**Task requirements:** Restate, word for word and with no pictures, the stretch of lines in the data below that begins at the line with "21 Turtle Lake" and ends at the line with "HAMMOCK BAY - Residential Lease", inclusive.

**Records for processing:**
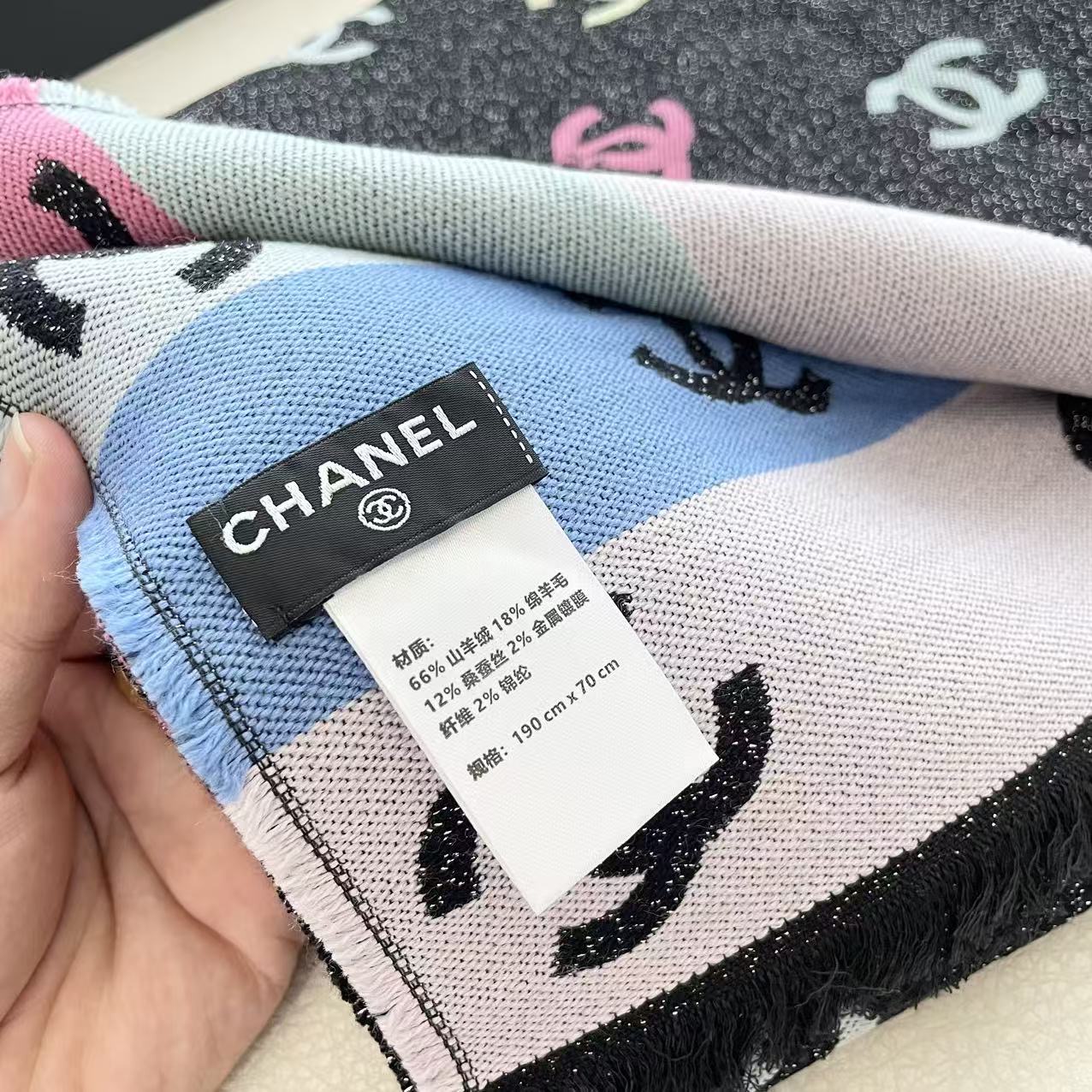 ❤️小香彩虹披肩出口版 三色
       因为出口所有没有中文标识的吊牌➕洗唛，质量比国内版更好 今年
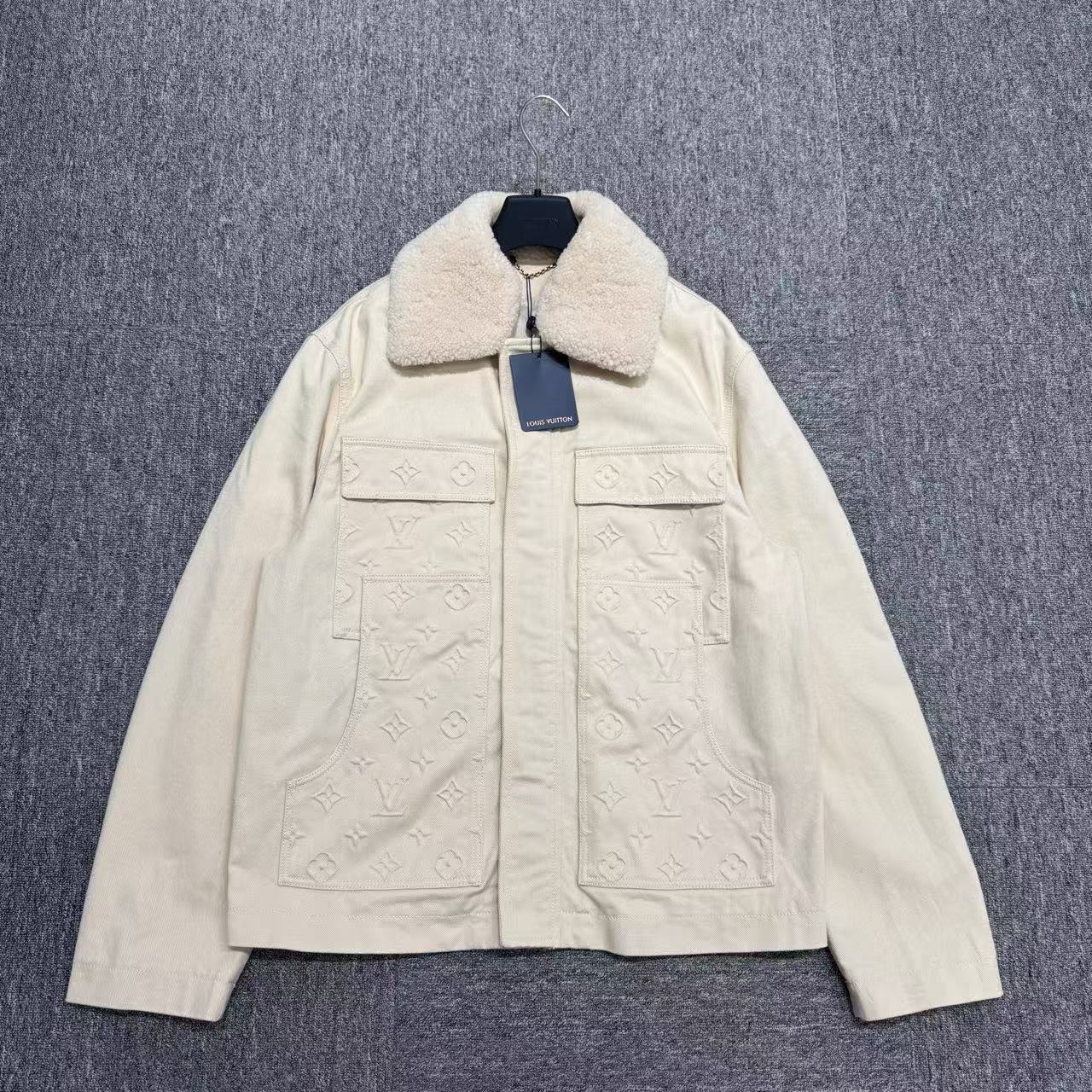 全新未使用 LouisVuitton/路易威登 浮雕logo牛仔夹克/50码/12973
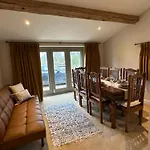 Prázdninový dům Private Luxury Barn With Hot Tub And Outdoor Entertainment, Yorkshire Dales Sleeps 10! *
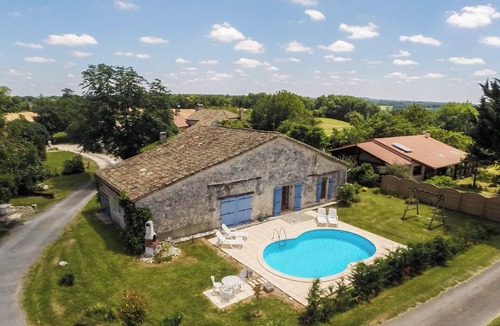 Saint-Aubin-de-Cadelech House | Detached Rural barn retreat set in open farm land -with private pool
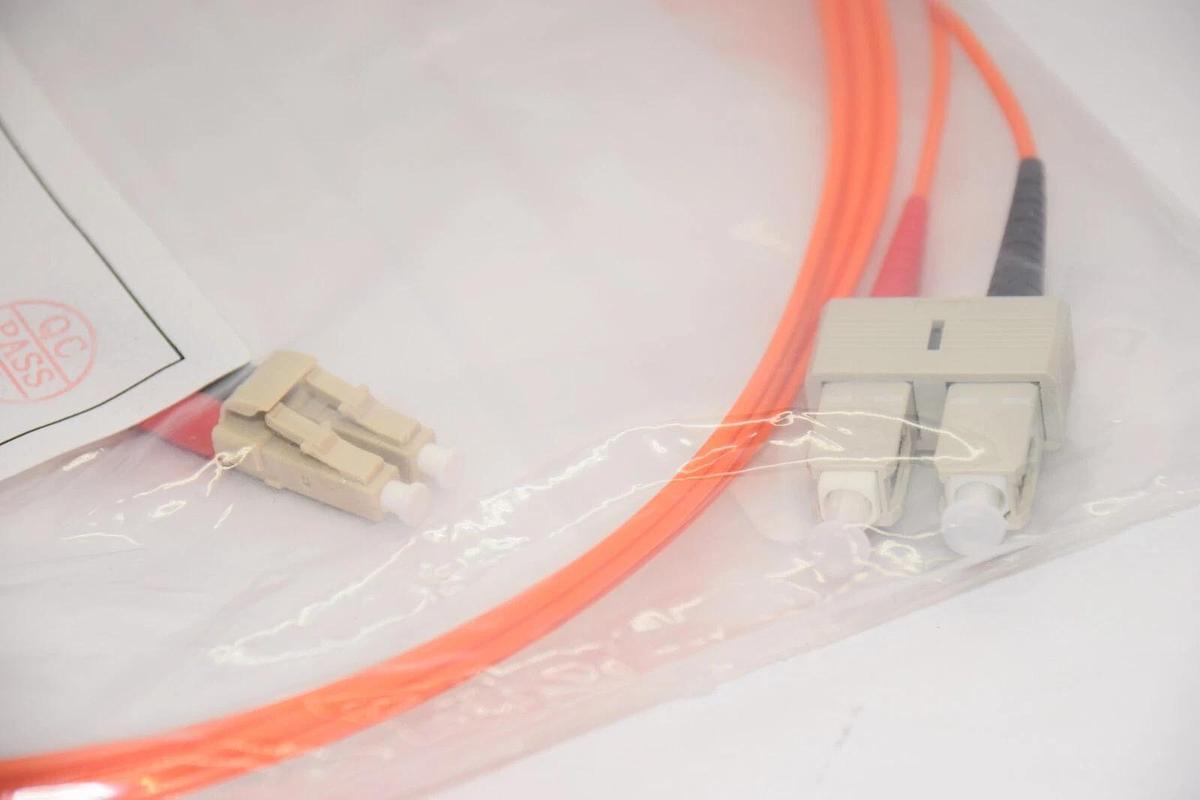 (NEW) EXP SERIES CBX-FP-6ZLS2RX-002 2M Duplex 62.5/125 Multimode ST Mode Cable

* * *

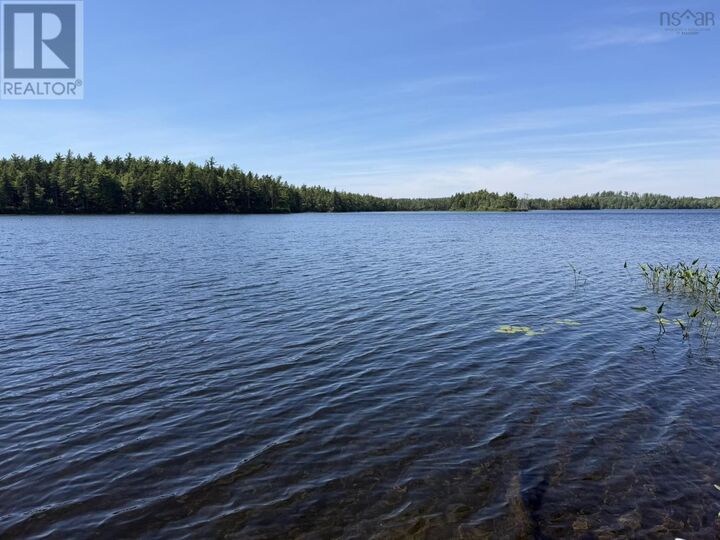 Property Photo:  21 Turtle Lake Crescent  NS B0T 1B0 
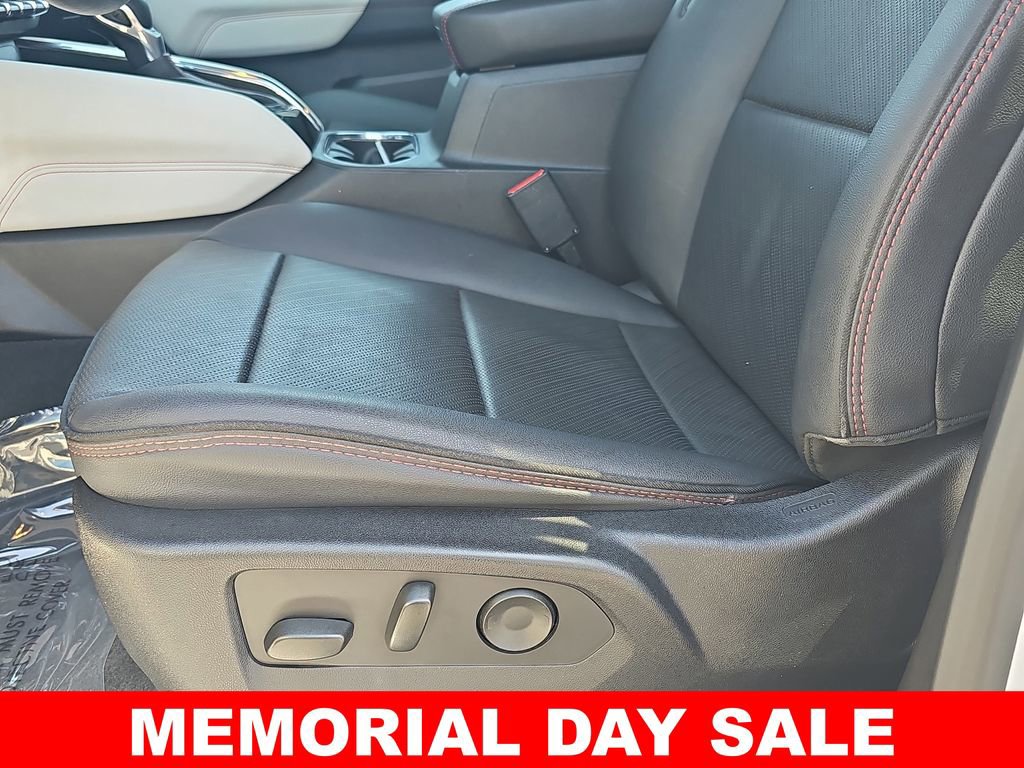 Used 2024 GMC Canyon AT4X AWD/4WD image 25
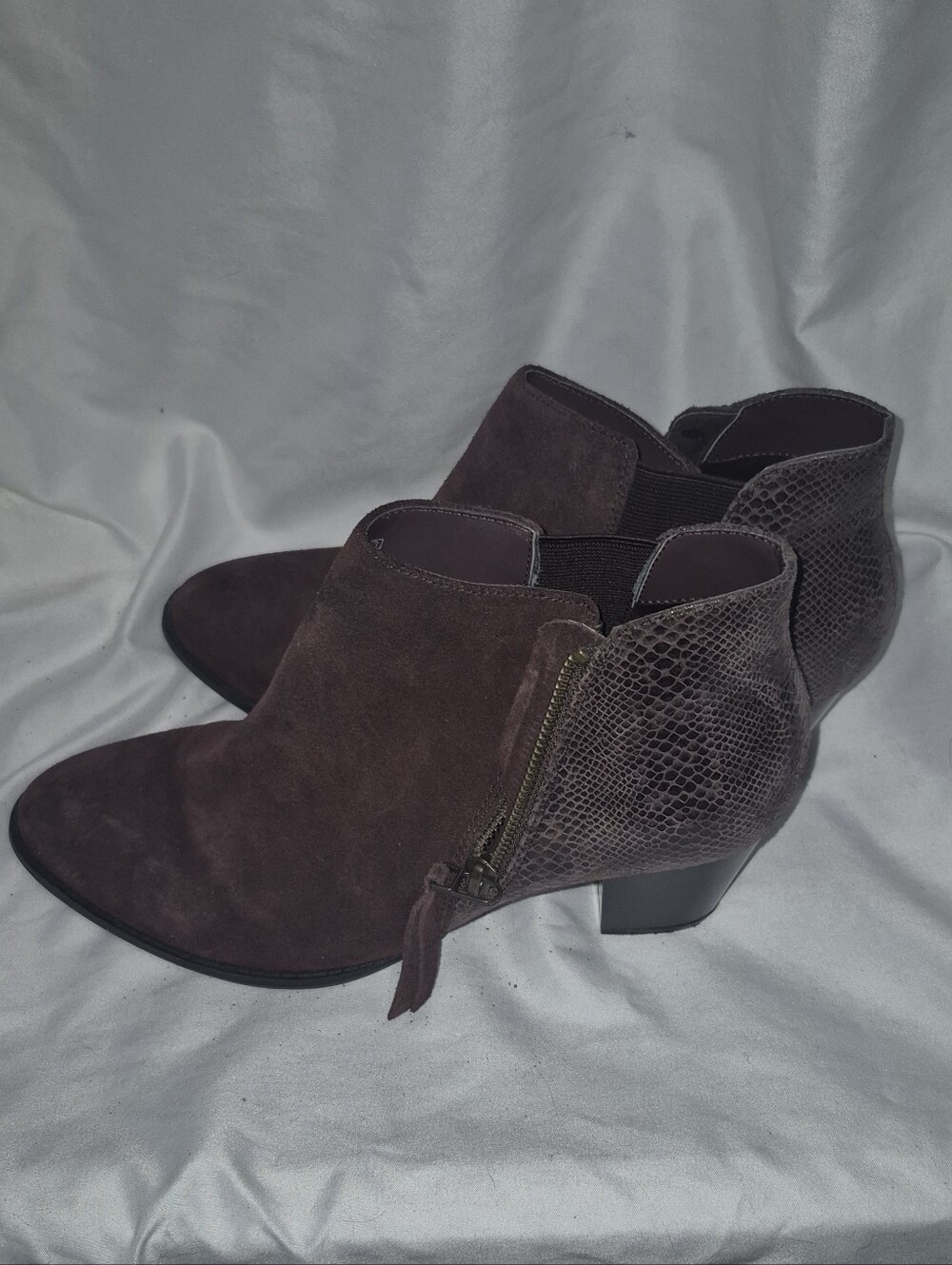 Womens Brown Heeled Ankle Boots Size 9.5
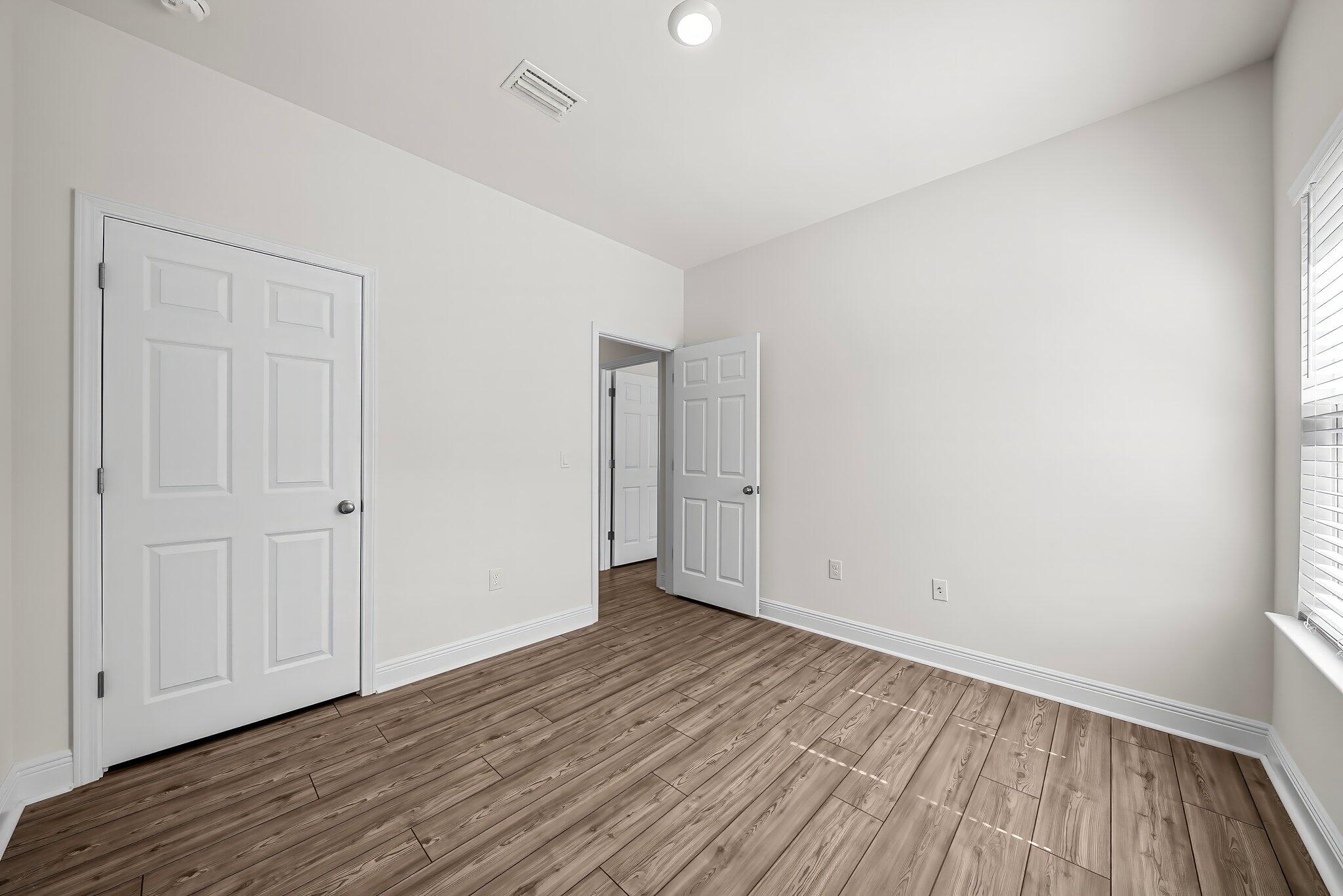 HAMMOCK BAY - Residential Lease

--

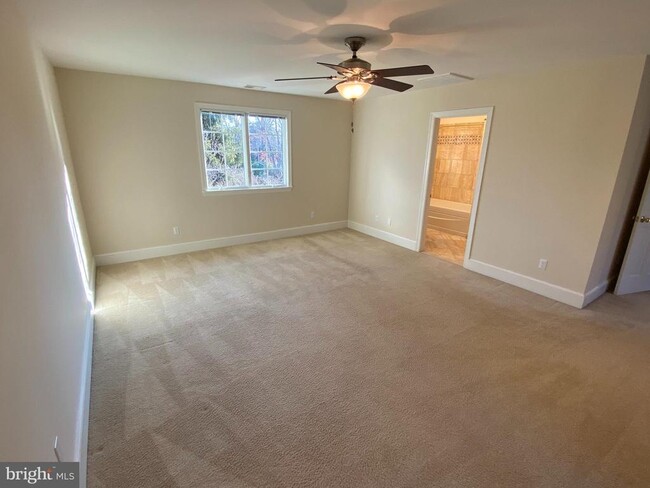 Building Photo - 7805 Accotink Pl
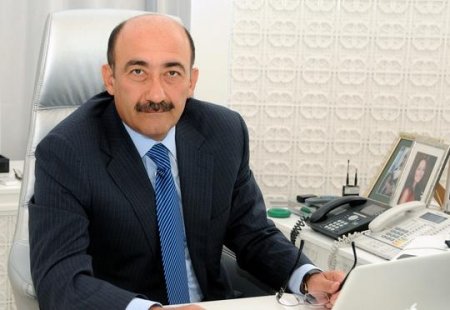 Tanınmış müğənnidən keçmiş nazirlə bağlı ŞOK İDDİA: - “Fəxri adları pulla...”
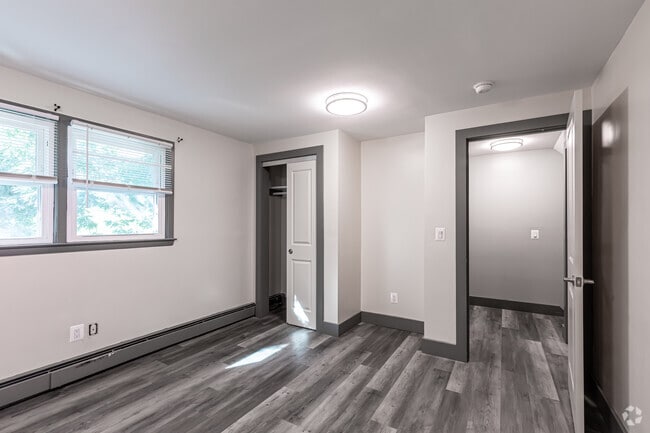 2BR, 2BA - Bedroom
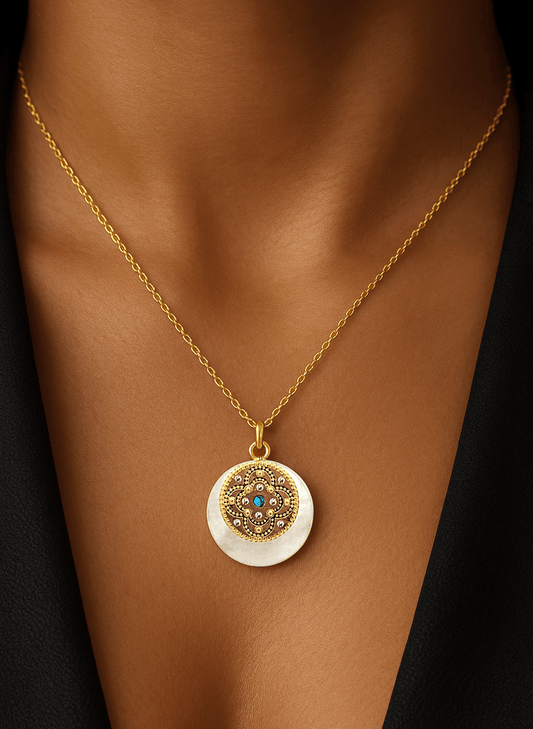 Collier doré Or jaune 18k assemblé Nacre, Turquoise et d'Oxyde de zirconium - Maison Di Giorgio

**Solution for this problem:**
 Property Photo:  21 Turtle Lake Crescent  NS B0T 1B0 
 Used 2024 GMC Canyon AT4X AWD/4WD image 25
 Womens Brown Heeled Ankle Boots Size 9.5
 HAMMOCK BAY - Residential Lease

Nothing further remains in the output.